I mulled this thought over and over one night. Awoke from a sound sleep to this idea: we keep a sense of time in our brain. How does this compare to keeping a sense of place? Does it even exist?

I concluded we do have a place keeping mechanism. Each of us. How does this work?

I moved to various locations in my early life. Dad was a defense engineer on many Navy projects. He first worked in southern California. A lot of work with Cal Tech, the Jet Propulsion Laboratory, and several Navy bases. He worked with civilian contractors and corporations in that line of work, eventually moving from Naval Civil Service to private corporate employment. We lived in three homes in California. Altadena (a suburb of Pasadena) at the base of the San Gabriel Mountains. Then Inyokern in the center of the Mojave Desert, back to Altadena (same house), then to a new home in Glendora. While living there in the first 6 months, Dad took a job in Pittsfield, Massachusetts. Then transferred to Syracuse, New York. He went on to several more sites, but I had already left home for college in Illinois. After graduation, I stayed in Illinois and have lived in this region for nearly 60 years.

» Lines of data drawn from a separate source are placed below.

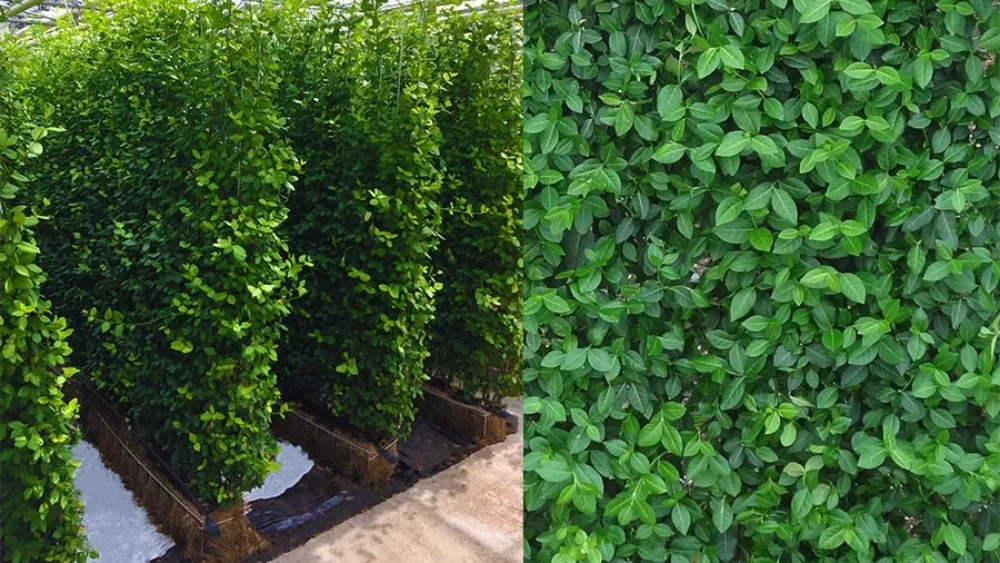 ambius-image-green-wall-2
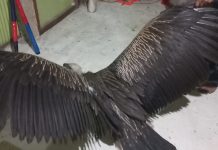 সাতকানিয়ার লোকালয়ে ‘হিমালয়ান গৃধিনী’ শকুন উদ্ধার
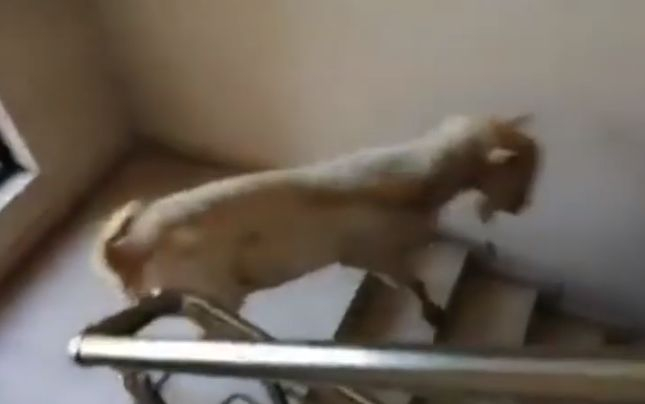 Кози окупираха жилищен блок в Пловдив ВИДЕО 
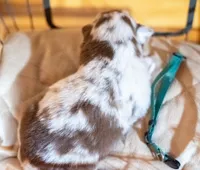 Phoenix, a male Miniature Australian Shepherd for sale in Bowdon, GA – Photo 3 of 3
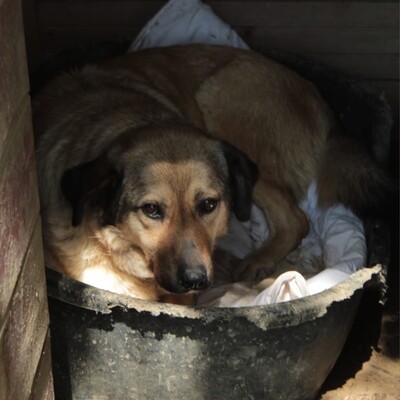 Millie - ein wundervolles sehr sensibles Wesen, Griechischer Schäferhund-Mischling - Hündin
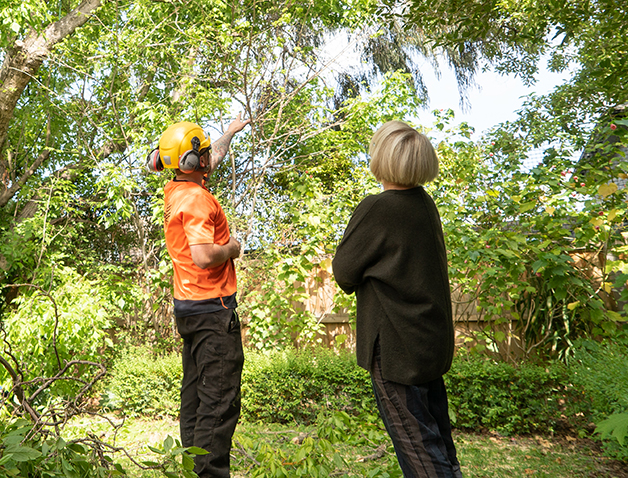 마운트 웨이벌리의 수목 관리 전문가가 주택 소유주에게 나무 제거에 대해 조언하고 있다.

Unlike my youth, I have lived in 7 different homes all in Chicagoland. My brother stayed in New York. My sister remained in California and then Arizona. We siblings preferred staying put compared with our childhood wanderings.

Each of those places have meaning for me. Especially New England. That was a time of maturing, of change. So much of that experience is tied to that place, hence place keeping. Yes, those years were confined to a single time, so it can be argued that is an example of time keeping. But my memory serves up place images, not times. The grit of place is very real, not the same as time. Nor year.

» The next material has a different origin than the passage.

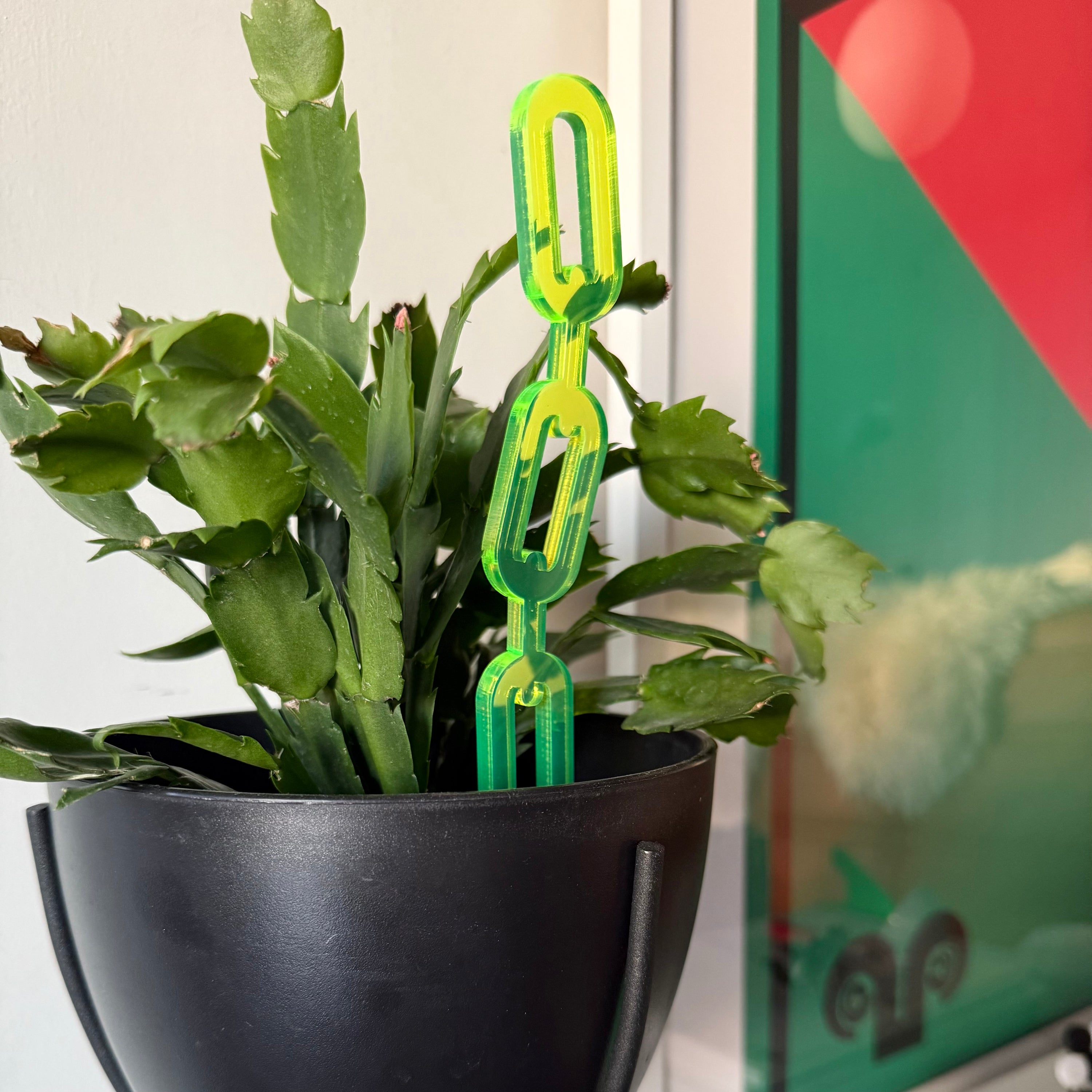 Plant Stake Duo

In this way I recall the details of living in the place. The people, activities, landscapes, special events and features of the place. These details are very much a part of who I am at this time of my life. I now realize this has been true for all my life.

I remember oranges being connected to Glendora, California. Why? Because we lived in a new tract of housing that was built in an orange and lemon grove. We had a mature orange tree in our backyard and two lemon trees. We could walk down the alleys of trees in the remaining grove, pick ripe fruit from the trees, puncture the rind and drink deeply of fresh juice. We took refuge from the sun sitting in the tree’s shade. It was quiet and aromatic. And the juice was refreshing and delicious. Tangy. Sweet. A full range of citrus flavors. That memory pops up every time I think about orange juice and its goodness. I was a kid then, experiencing new things and new places. It was the place that marks the memory rather than time.

Music and a full range of the arts is place kept in Massachusetts, the Berkshire Hills. A memorable time of life, a memorable place of life.

Do you organize your memory in a similar manner? Or is this unique to me? I doubt the latter.